Des conditions pas remplies donc, mais lesquelles ? Car le Premier Ministre nouvellement entrant et sortant faisait face à un climat politique d’une tension inégalée. Mais alors, que s’est-il passé ? Comment une telle chute, si brusque, et qui a pris de court les Français comme ses politiques les plus zélés, a-t-elle pu arriver ? Et surtout, quels horizons semblent se dessiner ?
Pour comprendre la chute, il faut d’abord comprendre le gouvernement.
De fait, le gouvernement Lecornu aurait pu apparaître comme une « rupture », tout du moins sur le fond. Lorsqu’il annonce qu’il n’aura pas recours à l’article 49 alinéa 3 de la Constitution, c’est une lecture parlementaire de cette dernière qu’il propose aux Françaises et aux Français. Une lecture qui peut surprendre au vu de l’historique du camp macroniste. Mais cette dernière semble le fruit d’un retour aux origines de la Veme République , tel qu’il la décrira dans son discours de lundi matin : « l’article (…) était un moyen de contraindre sa majorité dans l’esprit du constituant, notamment de Michel Debré et du général de Gaulle ». Autrement dit, redonner le pouvoir au Parlement, et cela sous l’égide de celui qui est considéré à bien des égards comme le sauveur de la France libre. En revenant à cette lecture parlementaire, Sébastien Lecornu se montrait soucieux du respect de la Constitution dans sa lettre première, et montrait une certaine déférence à l’égard de la voix du peuple portée par ses élus.
Mais cette rupture sur le fond se heurte à une forme bien coutumière. Sur les dix-huit membres du gouvernement Lecornu, pas moins de douze étaient reconduits. C’est le cas de Manuel Valls aux Outre-Mer, Bruno Retailleau à l’Intérieur, Gérald Darmanin à la Justice, Elisabeth Borne à l’Éducation, ou encore Rachida Dati à la Culture. Ces figures, souvent critiquées, objets de diatribe populaire comme Mme Borne, parfois en plein démêlés judiciaires comme Mme Dati, ont été accueillies avec froideur par le monde politique. Mais la froideur se transforme en colère face à la nomination d’un homme, Bruno Le Maire, aux Armées. L’ancien protecteur de Sébastien Lecornu est, avant tout, dans l’imaginaire politique, « l’homme de la dette », celui à blâmer pour l’état des finances publiques.
Dès lors, dimanche soir, de gauche à droite, au sein même du parti présidentiel, les critiques fusent.
Aux extrêmes, on prône la censure du gouvernement. Jean-Luc Mélenchon annonce que le gouvernement « ne tiendra pas », avant de s’indigner de « deux censures pour rien ? », alors que ses élus prévoient déjà de déposer une motion de censure dès le mardi, lors de la déclaration de politique générale.

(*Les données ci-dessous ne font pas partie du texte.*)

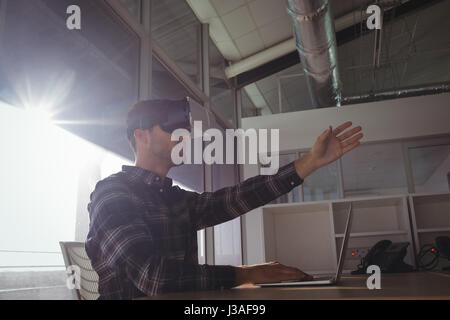 Giovane imprenditore gesticolando mentre utilizzando la realtà virtuale auricolare in ufficio il giorno di sole Foto Stock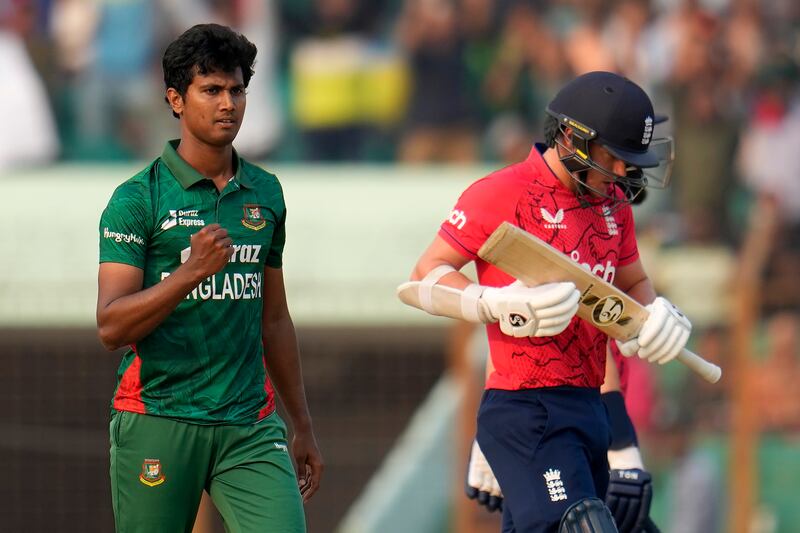 Bangladesh bowler Hasan Mahmud, left, celebrates the dismissal of England's Sam Curran for six. AP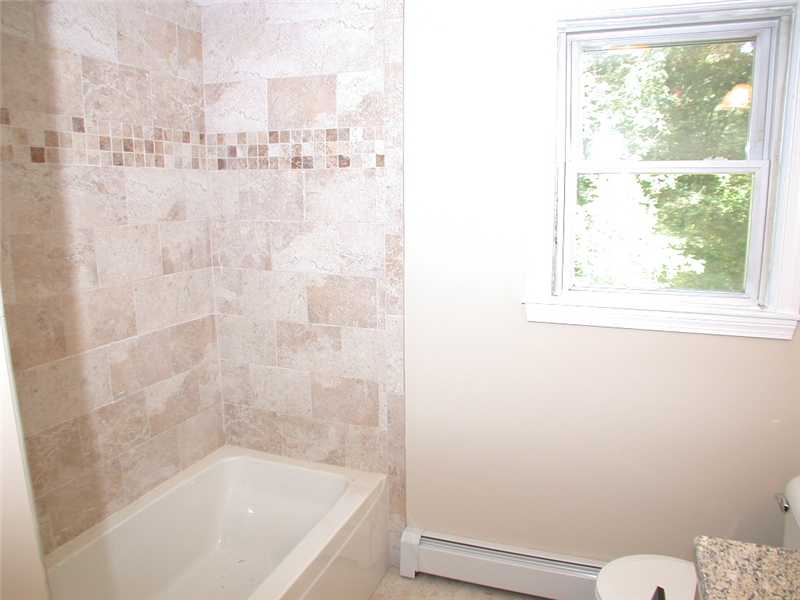 414 Arnold Road Coventry, RI 02816 - Photo 10 of 23 Bathroom. Tiled bath all new.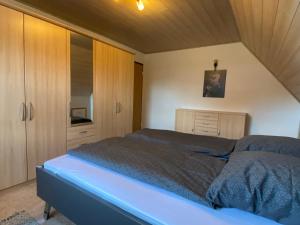 a bedroom with a large bed and wooden cabinets at Charmantes Ferienhaus Gernrode/ Harz, Balkon, Grill, 2 Schlafzimmer in Quedlinburg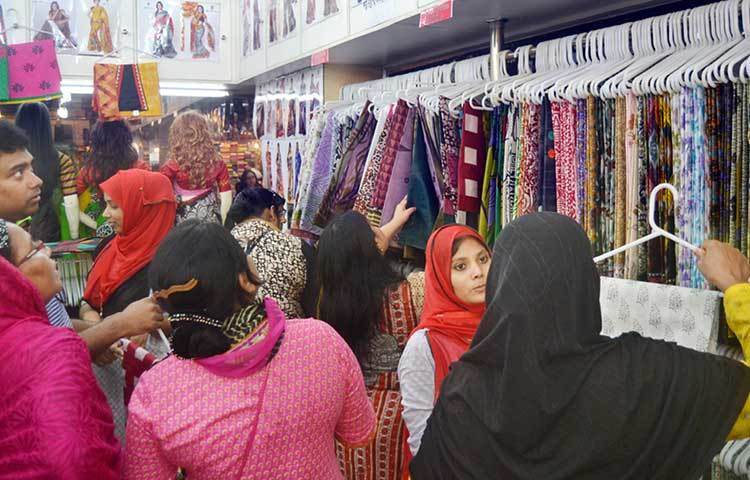 পছন্দের শাড়ি বাছাইয়ে ব্যস্ত এই ক্রেতারা। শাড়ির দোকানে উপচে পড়া ভিড়। ছবি : বিপ্লব দিক্ষিৎ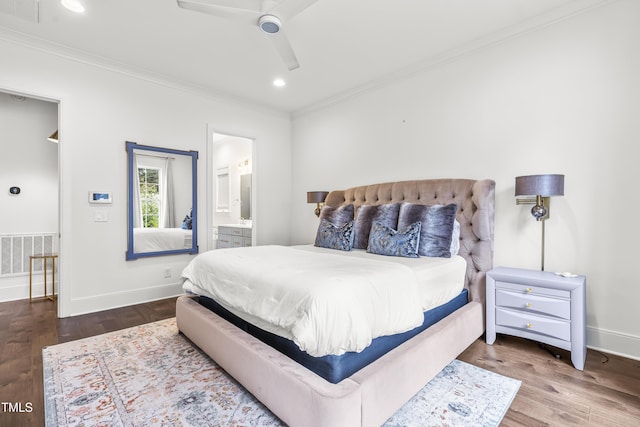 bedroom with wood finished floors, visible vents, and ornamental molding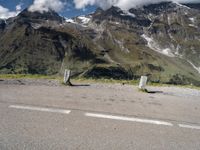 a person on a skate board is sitting on the road with mountains in the background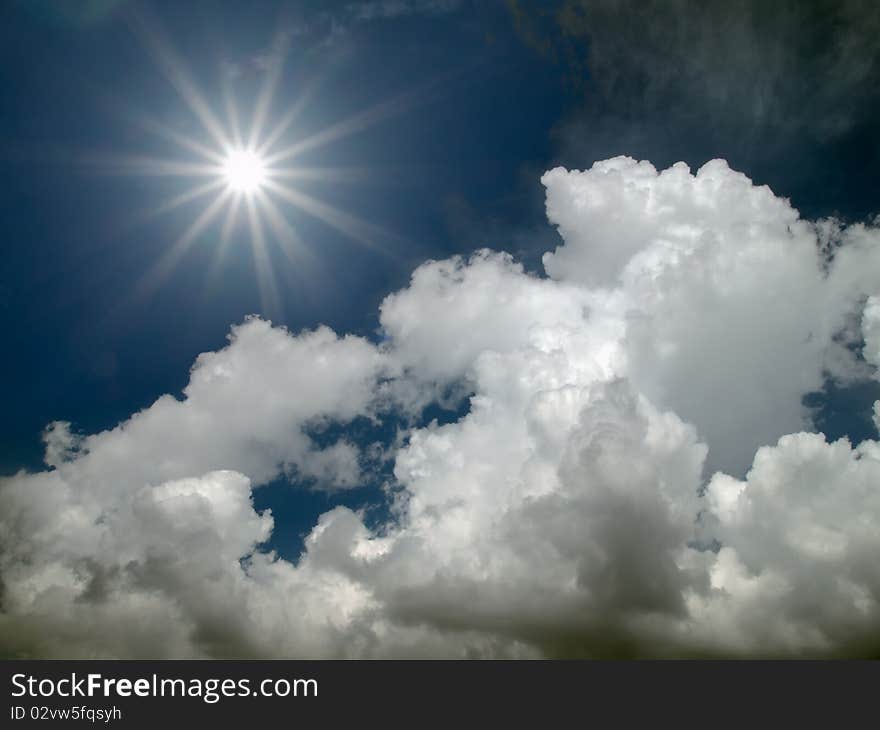 Sun shine in the blue sky an white cloud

De l’autre côté, le député du Nord du Rassemblement National, Sébastien Chenu, qualifie le retour de M. Le Maire, « l’homme qui a mis la France en faillite » selon Marine Le Pen, comme d’une « provocation faite aux Français ». Il déclare « Je ne vois pas aujourd’hui d’autre voie que la censure ». Le ton est donc donné.
Certains se montrent sceptiques, mais peut-être aussi présument de la bonne foi du nouveau Premier Ministre. Ainsi, le Premier Secrétaire du Parti Socialiste Olivier Faure déclare sur France Inter au lundi matin « le sentiment qui domine, c’est la consternation. Nous assistons à une crise politique sans précédent. » et critique le retour de Bruno Le Maire, véritable « provocation » selon lui, alors que le gouvernement appelle les Français à redoubler d’efforts pour ne pas accroître la dette. Mais ce dernier note aussi que « tout peut progresser, y compris dans les dernières heures ». La censure n’était donc pas la seule solution du côté des socialistes, sinon celle d’une situation qui s’avèrerait sans issue.
Mais ces troubles ont été monnaie courante ces dernières années, à la lumière des nominations d’Elisabeth Borne, de Gabriel Attal, de Michel Barnier ou encore de François Bayrou. Les critiques d’une politique devant changer de cap, de ministres déconnectés, les accusations de copinage ont été légion. Le véritable coup de tonnerre, ce que certains appellent déjà « la Fronde », qui a sans doute motivé la démission du gouvernement, est la scission des alliés républicains du macronisme.
Dans un premier temps, l’Union des démocrates et indépendants, dont les deux ministres sortantes au logement et à la ruralité n’avaient pas été reconduites, pourtant traditionnellement attachée au socle macroniste, a annoncé « reprendre son entière liberté ». Perdre une assise de centre-droit aurait pu être d’une importance certes existante mais moindre, si elle n’était pas le manifeste d’un problème plus étendu.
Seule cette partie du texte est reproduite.